1 (a) By enabling our forces to maneuver and engage heavy armour at distance (NLOS Spike, or even recent Javelin) our troops could engage enemy armour while remaining mostly unseen in that type of terrain. (If I were an MBT and that terrain of hills and forests were infested with anti-armour teams, it would be a nightmare.)
These could be man-portable systems.
1 (b) By giving them a decent anti-air capability, we could REALLY limit the enemy ground fight. Russia has demonstrated a fantastic ability to gather intelligence, intercept communications, and target artillery, using drones. In the opening months of the Ukraine conflict, Russian units had drones literally orbiting overhead. As soon as anybody used a radio or anything like that, artillery was incoming almost immediately.

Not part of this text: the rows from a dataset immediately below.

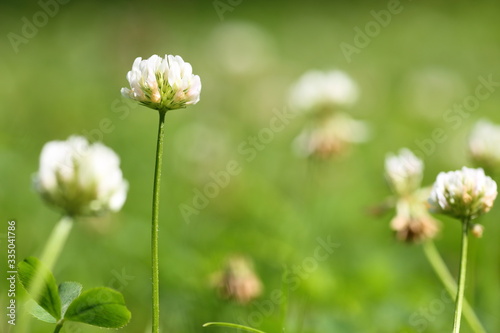 Flowers and plants in the meadow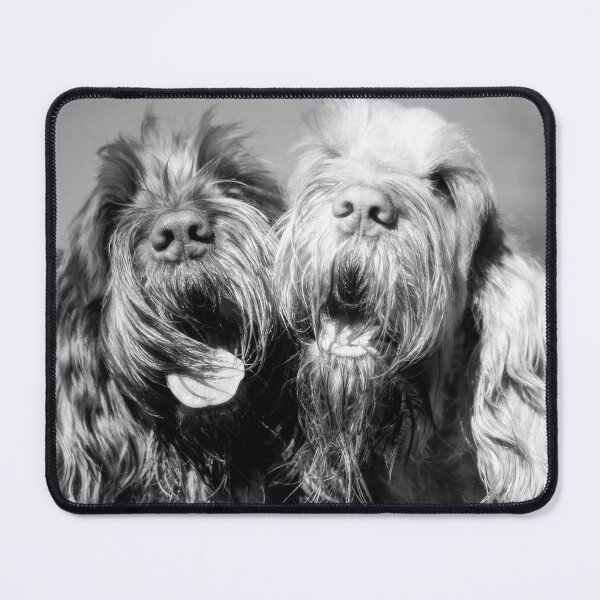 Item preview, Spinone Soul Magnets by heidiannemorris designed and sold by FOLK ART FUSION by heidiannemorris.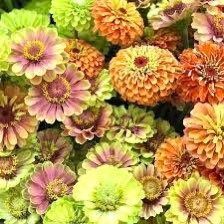 Zinnia “Queen Lime Orange” Seeds ~ Flower Seeds ~ Plants ~ Garden ~ Grow Your Own ~ Spring Flowers ~ Instead of Flowers ~ Flowers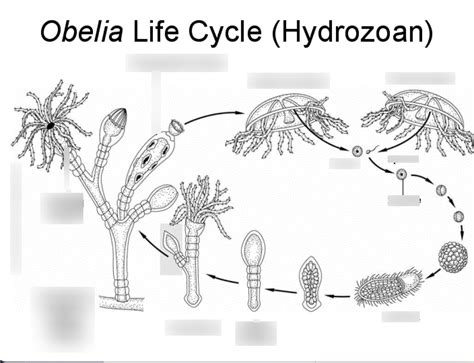 Hydra (Hydrozoa) Life Cycle (By: Alex Rose) Diagram | Quizlet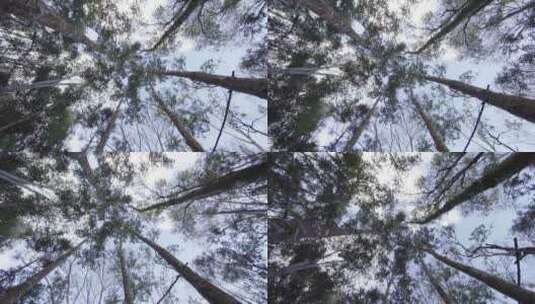 云南普洱植物树干高清在线视频素材下载
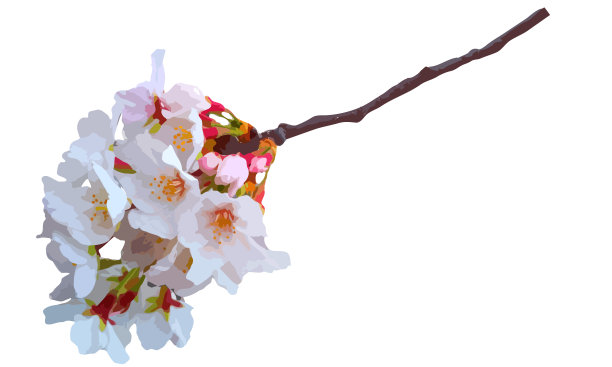 樱花，樱花盛开。图片下载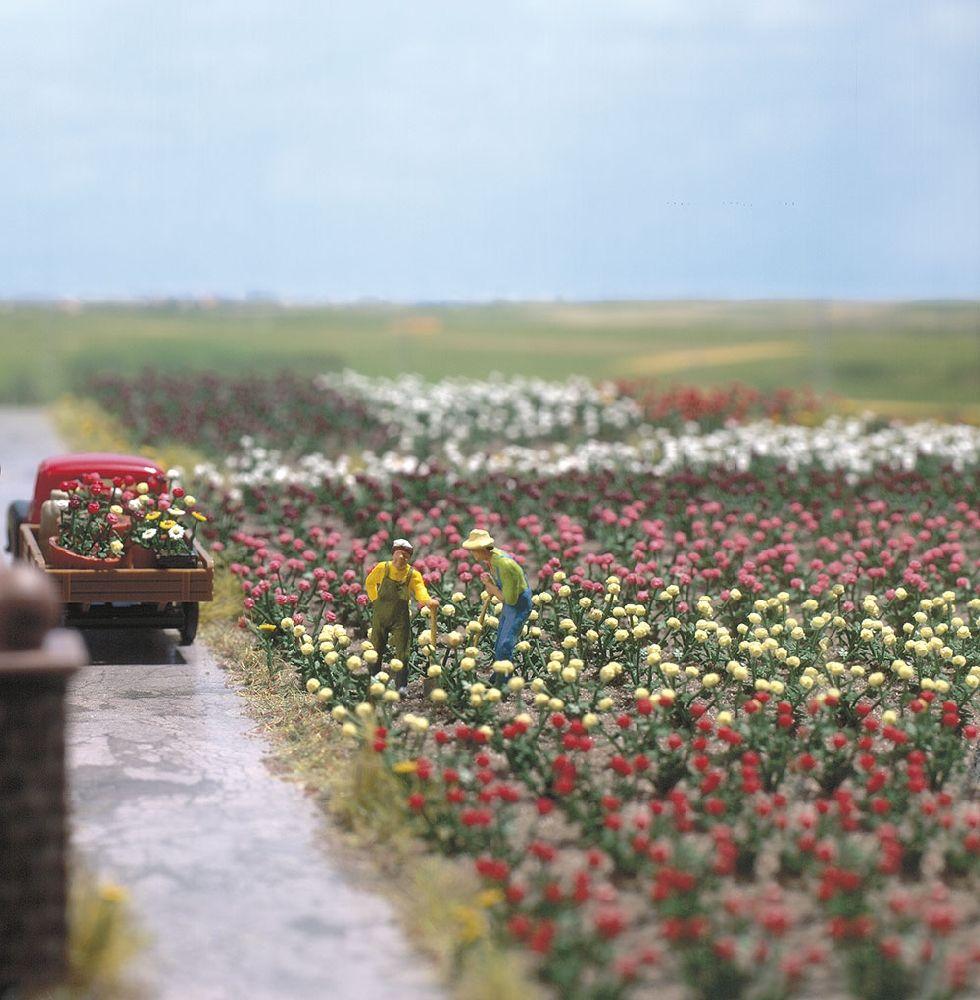 Assortiment de 120 roses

By giving our units a decent MANPAD system, we could engage enemy helicopters, drones, and low flying aircraft - drastically changing the dynamic of the fight. There are plenty of videos out there of helicopters and Frogfoots being shot down with primitive, outdated MANPAD systems. Imagine professional troops using a modern system?
The GBAD would, ideally, be 2 systems. One system in a MANPAD form, able to be used by troops hidden in forests and such. The second being a vehicle based system.
The US Army's interim AA vehicle seems like a great project to jump onboard. It uses the LAV chassis, easily integrates into our existing organizations, and brings both missiles & a gun to the AA fight. Manufactured in Canada too, so nice bonus.
2. Bring back 81mm and 60mm mortars, and give them to the infantry. It gives them another tool in the toolbox to provide their own quick, easy, and very effective indirect fire support.
Cheap to acquire and sustain. Easy to train folks on. And brutally effective. Super handy when IR illumination and smoke rounds are needed, or you just want some random explosions around your enemy to do what damage they do.
The C16 is great to have on some vehicles, and is really effective when put on RWT. Both the LAV and TAPV have the C16 mounted, and controlled by whoever is controlling the RWT. Fantastic option for quick, heavy, fairly close-in indirect fire.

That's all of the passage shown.